Friday, September 9, 2016

Last of the big game hunters



I'm slowly learning to be at peace with the mosquitos. I never thought this would happen, but it is possible to get used to their omnipresence. They are everywhere. They are everywhere. They are a fact of life. My window has no screens, but it's also hot, so it's a choice of either closing the windows and slowly baking yourself in your stuffy oven of a room or opening the windows for the occasional breeze and an invitation to the mosquitos to the open blood bar that is your body.

But you learn to come to terms with it. They still bite you, sure, but you tell yourself that you'll get used to it. And hey, the nurse said that the Zika virus is generally asymptomatic. So maybe it's a matter of drawing up a special store of Korean endurance and meditation, and being at one with the situation. First being merely mindful of the pests, and then acceptance.

At least that's what I thought. Then one night, there was a mosquito in my mosquito net.

pretending that my mosquito net is a blanket fort
Let me set the stage for you. I woke up in the morning to the usual sound of my neighbourhood. Kids singing, playing, and occasionally quarreling in the yard. A car alarm somewhere off in the distance, uselessly beeping the sounds that resembled an old modem while nobody cared. The odd mash-up mix of different neighbours blasting different music from their houses, soca, old school 90s hipop, and one neighbour that clearly loves Metallica (it can't be easy being the lone metal head in your Caribbean neighbourhood). Also, I'm pretty sure, from the sounds of it, one neighbour seems to be raising roosters? Roosters that fight? Cockfights? When neighbourhood houses are as close in proximity to each other as they are here, you get in interesting glimpse into their inner lives.


Here in my mosquito net, my body felt like it was buzzing. So itchy all over. I opened an eye and taking one look at my arm, saw that it was covered in welts. So was my legs. And my back. And pretty much anywhere that wasn't covered, and since I don't sleep with a blanket in this weather, there hadn't been much of my body that had been covered. So, so, so itchy. How did this happen? Opening the other eye, I saw a stretch of my mosquito net flapping in the breeze. It had come untucked from my mattress in the middle of the night, and the evil skeeter had seen an opportunity to get in. Damn.

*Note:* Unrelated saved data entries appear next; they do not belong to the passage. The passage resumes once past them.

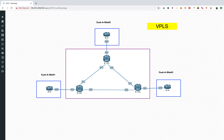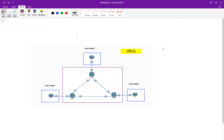In this section, we'll be talking about VPLS. VPLS stands for Virtual Private LAN Service. VPLS is basically a Layer 2 VPN.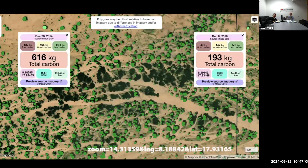In our Nature paper's methods section under data availability, there's a viewer where you can explore the data. For each area, you see which images were used, the mapped trees as green dots, and by clicking you get the zoom factor, latitude, longitude, and a persistent URL to return to exactly that scene. This proved invaluable for checking our work and was developed by two team members to make the data accessible.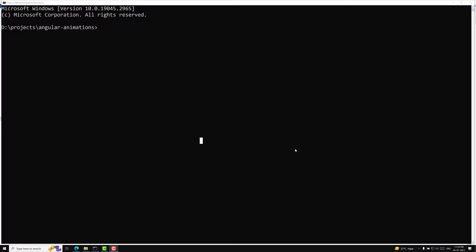Let's see how this Angular animations module works. I will be directly jumping into Angular project creation. At the time of recording, this is June 5th, 2023, and the latest version of Angular is 16. Angular is a framework used to develop single page applications, so let's try to create a project.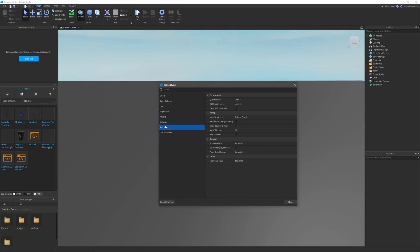In the general section you can change the graphics mode and frame rate manager settings as well as export merging based on materials. In cache you can change the mesh cache size.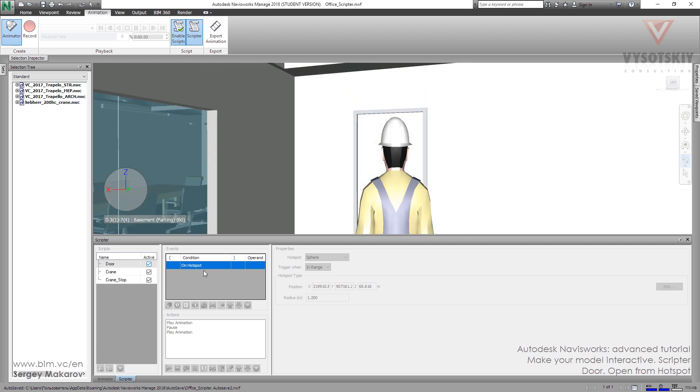So we can choose the condition of the event, if you need collision or you need a hotspot for it.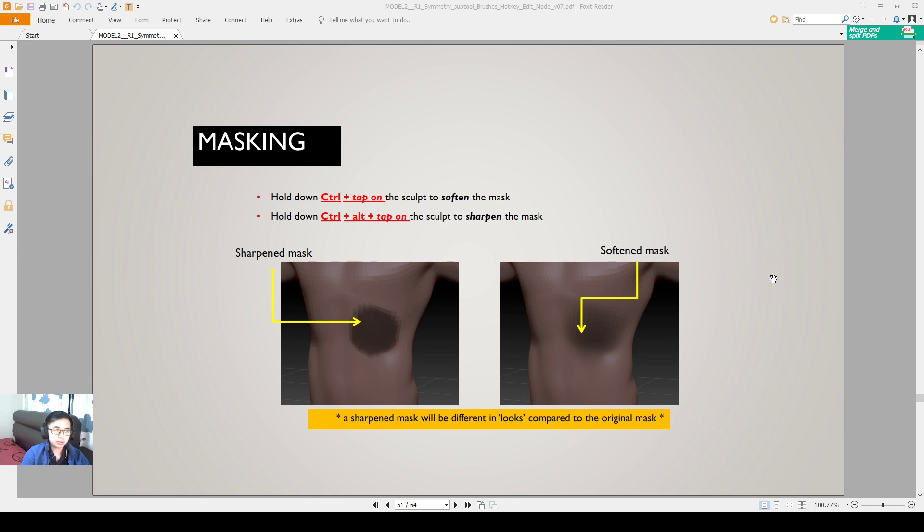Alright everyone, so I want to talk a little bit more about masking. I realize I haven't talked about this.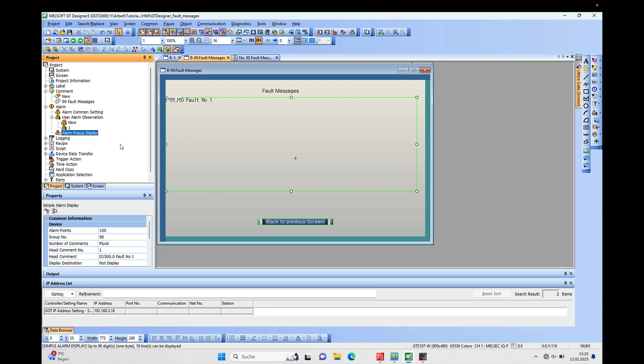Alright, so basically it's done pretty fast. What you have to do is go to the alarm pop-up display in your project tree under the tab Project, right in this section here.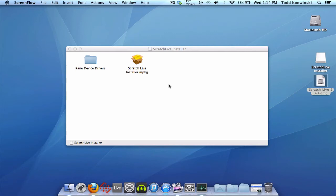In this video, I'm going to be discussing questions people have been having about the new 2.4.4 version. When they go to install it, they see this folder right here: Rain Device Drivers.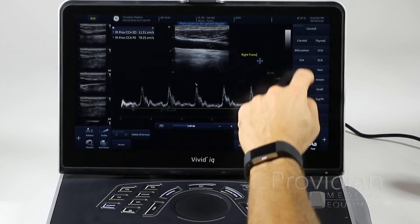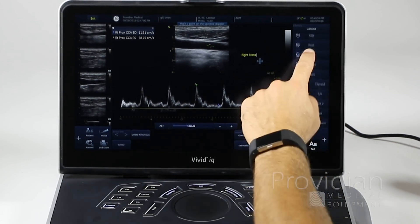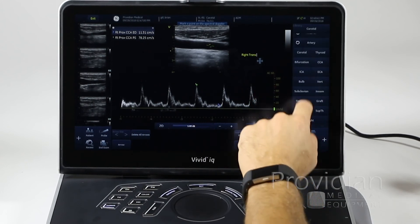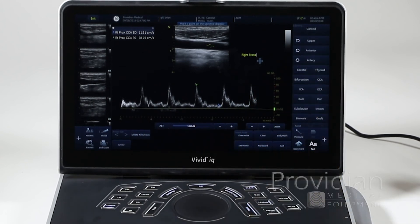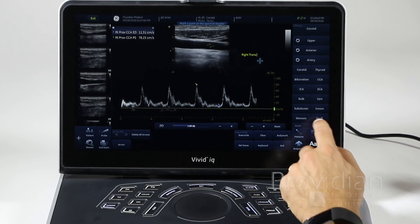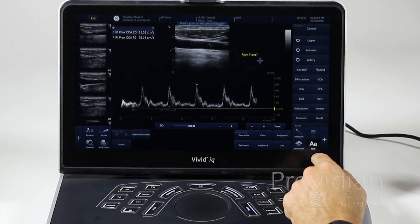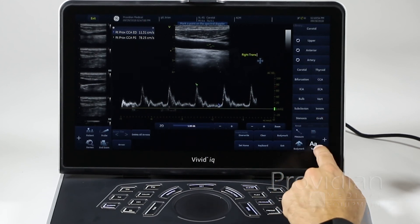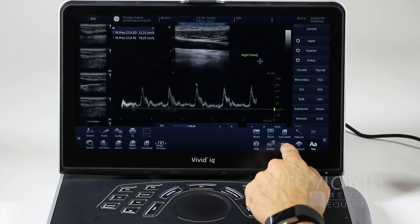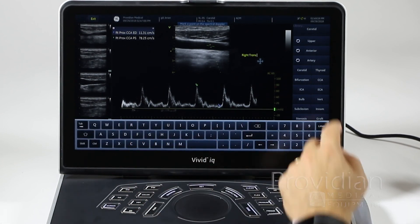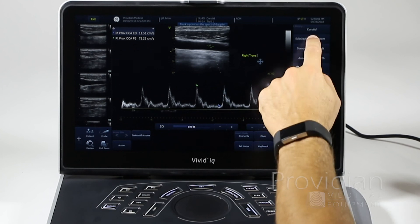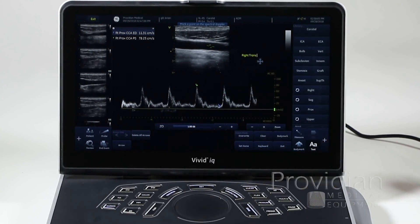You can scroll through this library — it's a customizable library where in the setup you can type in your own annotations and rearrange them all. This helps you avoid the pain of going to your keyboard and typing out annotations each time. This is a much easier way to go about it if you take the time to set it up the way you'd like. Next, we'll get into color and Doppler imaging modes.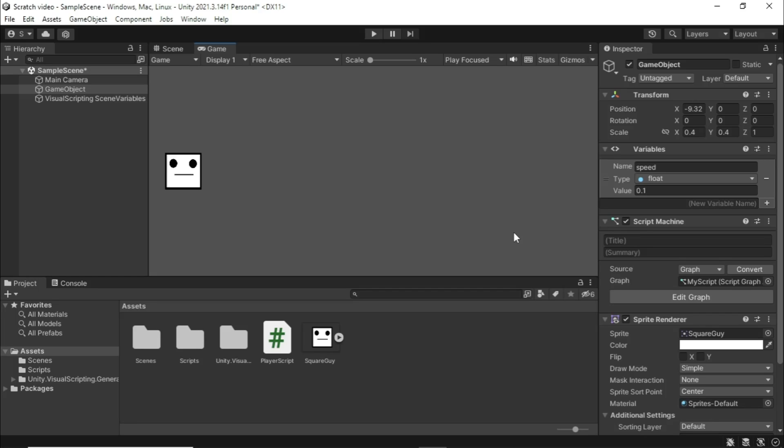If you guys want, I'd be absolutely down to make tutorials. An example, like a platformer, a first person controller, maybe like with guns and stuff too, or most likely guns if it's a first person shooter. But yeah, if you guys want any tutorials on Unity Visual Scripting, I'd be completely down to do it.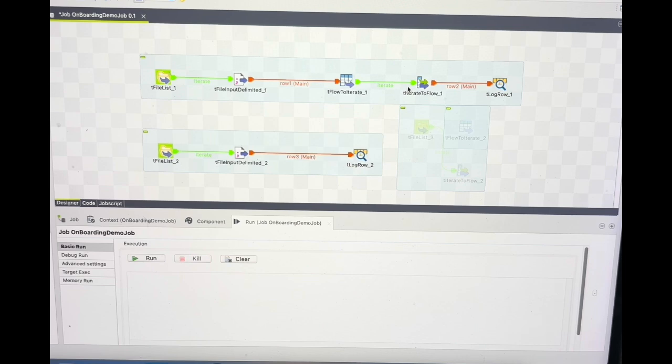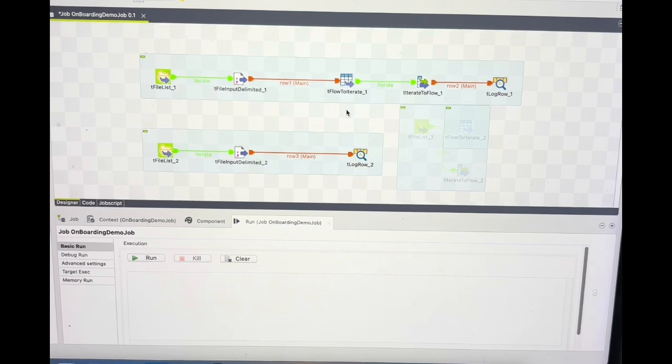Today we will talk about two components in Talend which are very similar to each other but have different purposes and different use cases. I received a comment from one of my subscribers to make a video on it, so today I'm here with it. The components I'm talking about are 'Flow to Iterate' and 'Iterate to Flow' — by the name alone you can see they are just opposite of each other, and the purpose and use case is also just opposite.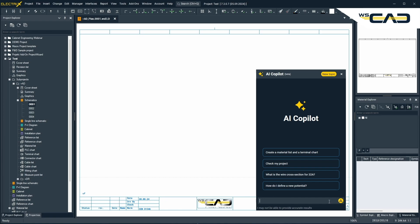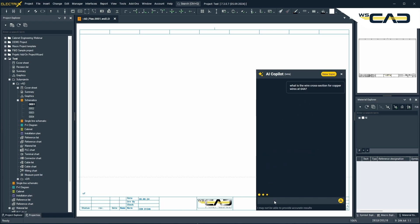It gives you a list of possible prompts to give you an idea of what it can do. I'll write my own prompt: what is the wire cross section for copper wires at 64 amps? Let's send the request and see what we get back. The proper cross section is recommended to be 10 millimeters square. Of course, you have to consider additional factors, but I got the answer I was looking for.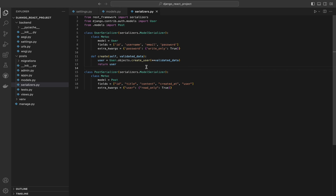Serializers in Yango REST framework work similarly to forms in Yango. They validate input data and convert it into a format that can be easily rendered into JSON or other content types. By using ModelSerializer, we leverage Yango's ORM to automatically generate fields and validation logic based on our models, reducing boilerplate code. The extra_kwargs parameter allows us to customize the behavior of specific fields, such as making the password field write-only or the author field read-only. Overriding the create method in UserSerializer lets us handle special cases like hashing passwords. That's it for our serializers — in the next part we'll create views and endpoints.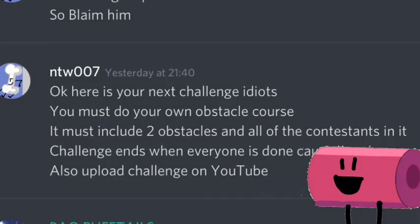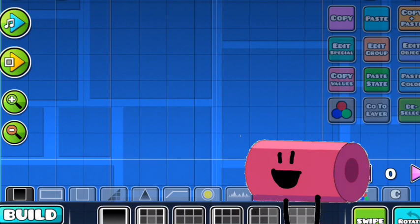Hey guys, so if you're in the challenge, you have to make your own obstacle course. Luckily, there's something called Geometry Dash Level Editing.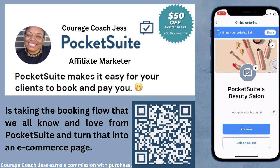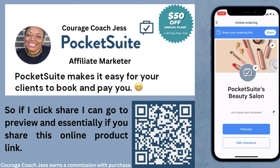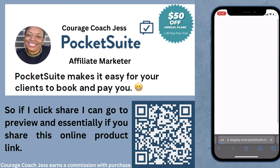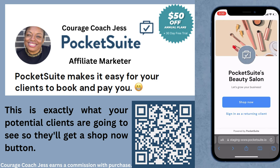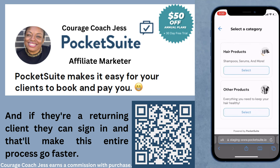I'm going to go ahead and click that. It takes the booking flow that we all know and love from PocketSuite and turns that into an e-commerce page. If I click share and go to preview, this is exactly what your potential clients are going to see — they'll get a shop now button, and if they're a returning client they can sign in, which makes the entire process go faster.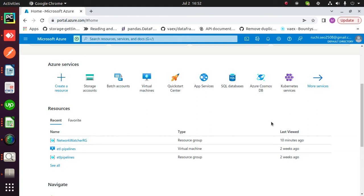Hello everyone, today I'm going to show you how to create a Python pipeline or an ETL pipeline in an Azure Data Factory. Azure Data Factory is a cloud-based ETL and data integration service.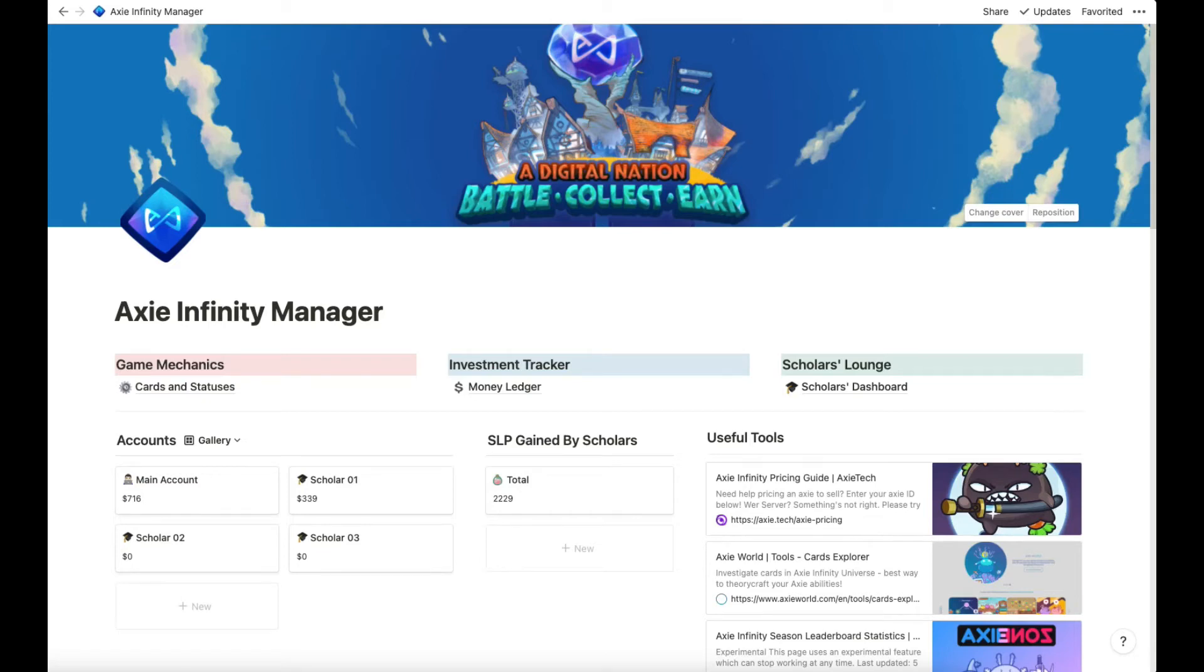Hello, this is a showcase of the Axie Infinity Manager template. I'll share with you how I use it and how it keeps me organized. I started to be a manager this month and it really helps me to have it in Notion and everything in one place.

I could hear the bastard mosquito buzzing above my head, probably drunk after a gluttonous night of drinking my blood. How could one guy cause so much damage? I looked down at my stomach, which also had bites, and thought about how I was going to spend the day stretching a shirt over it, trying not to scratch it.  I looked like I had some kind of disease.

You evil bastard, I thought.  I am going to kill you.

Suddenly I was crouching on my bed, posed with my hands ready like a stereotypical martial arts fighter in the kind of kung fu movies that the Wu Tang Clan likes to rap about. The mosquito skitted around my head. It was not lethargic at all, despite having pretty much drained my body dry. It rested momentarily on the netting by my face, and I stabbed my hand forward. Miss! It jumped up and easily dodged my swat, zipping past my ear, where I could practically hear its maniacal laugh.

Fuelled by the soundtrack of barstool prophets in my head, I took another frantic jab. And another. And another. Miss! Miss! Miss! It's actually not that easy to catch a mosquito when you only have the loose fabric of mosquito netting to slap it against. Also, not all of us have the sharpskills of the old man in the Karate Kid and can catch flies with chopsticks.


A surprisingly large proportion of my life in the Caribbean is spent under this mosquito net
Finally the mosquito settled down between a fold in the netting, perhaps exhausted by my relentless pursuit, and I came up with the innovative strategy of rubbing the fold of the netting together. Crunch, crunch, crunch, went the mosquito's body...well, not actually, but I envisioned hearing and feeling it as I crushed its body apart. My blood oozed out of the mosquito's body, staining the mosquito net that I am supposed to return to my employer once I come back to Canada. I felt as triumphant as a hunter.

Then I saw another mosquito.

Eventually I had caught them all, and learned a valuable lesson in mosquito nettery: Always tuck your net in securely. Always.


My mosquito net mattress was a fortress of skeeter-free sanctuary once again. Now, time to face the heat.